Among the stories told was a heartbreaking account of the death of John Joseph Gilmore.

He was recorded in the 1926 Census as an eight-year-old but in the following column he was also recorded as ‘dead’.

Puzzled, a descendant investigated.

He discovered that young John died at 18 months having fallen into a pot of boiling water.

Family lore had it that it took him ten hours to die. In registering him in the 1926 Census, it was as if his bereft parents were willing him to live and in a way he did. 

This is what the 1926 Census has done. Unearthed hidden and untold stories.

Skeletal stories that need flesh and blood. And apparently there is no end to our appetite for these stories.

A close up of one of the digitised documents from the 1926 census

Published on April 18th, on the 100th anniversary of the recording of the Census, there were 20 million hits to its website in the first weekend alone.

Ten days later that had climbed to 37.5 million based on 1.8m unique visitors, 81.6% of which originated from Ireland, 9% from the Great Britain and 3% from the USA. 

All generating tens if not hundreds of thousands if not indeed millions of conversation across this country and beyond. 
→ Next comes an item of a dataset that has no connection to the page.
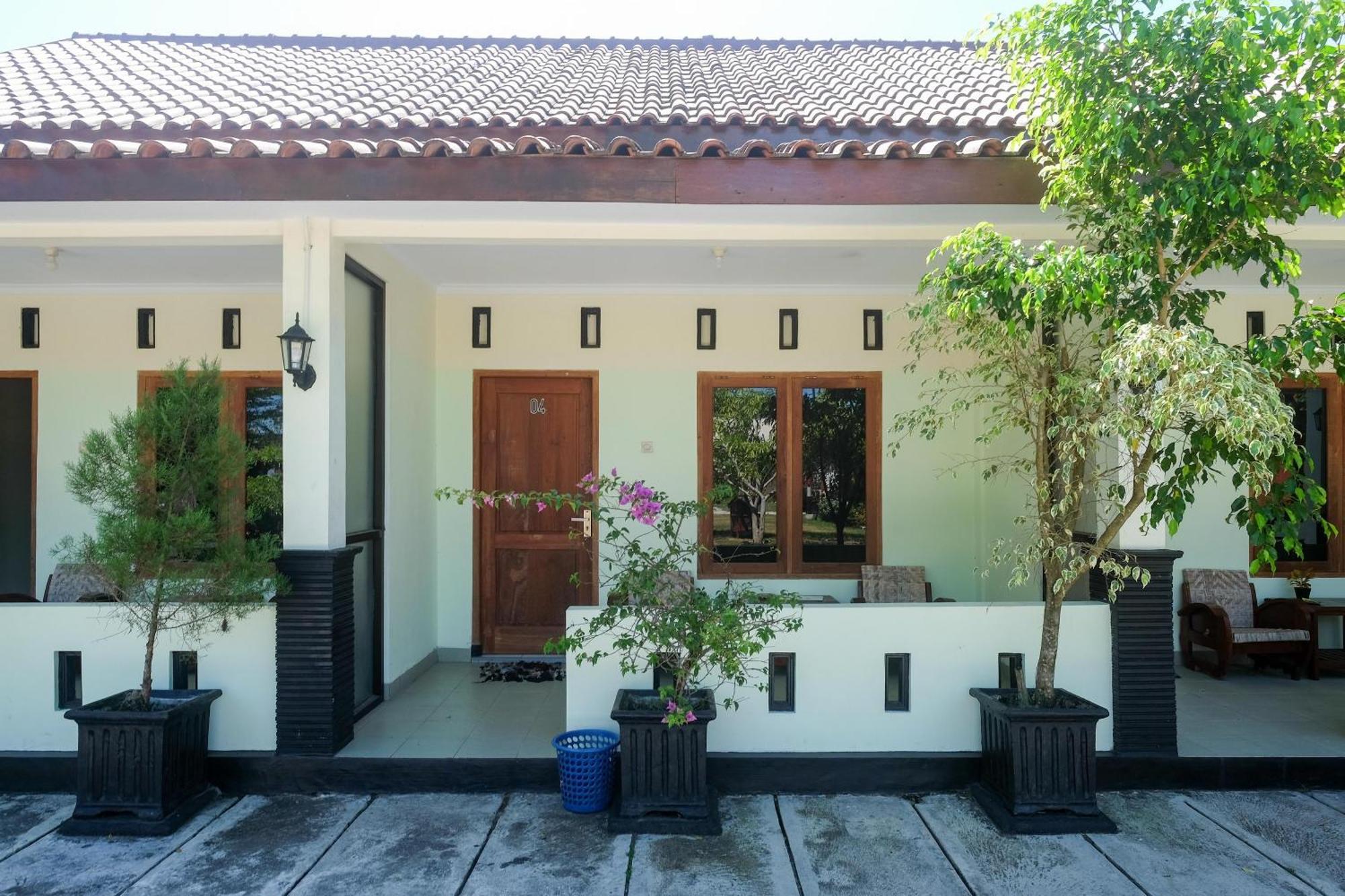 Отель Reddoorz Syariah Near Alun Alun Wonosari Экстерьер фото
The past is a foreign country: they do things differently there,’ wrote  LP Hartley in his quintessential 1953 English novel The Go-Between.

And at one level, the 1926 Census is that past country. People lived shorter lives.

Most lived in rural areas (61%) and off the land. Now the reverse is the case – 64% live in urban areas. 

Life expectancy at birth for women was 58 years (currently 84) and 57 years for men (currently 81).

And yet…

People did then what we now do today.

Perhaps a little differently. But ultimately not that much differently.

We share a common humanity. We are born. We die.

In between, we live our best possible lives. The past isn’t an altogether different country.

Then and now, babies were born – 61,176 (29,794 girls and 31,382 boys) the previous year. 

Most children went to school.

The School Attendance Act was passed that year but the state institutions obligated to ensure children went to school were very often viewed with deep suspicion particularly by the poor and members of the Travelling community. 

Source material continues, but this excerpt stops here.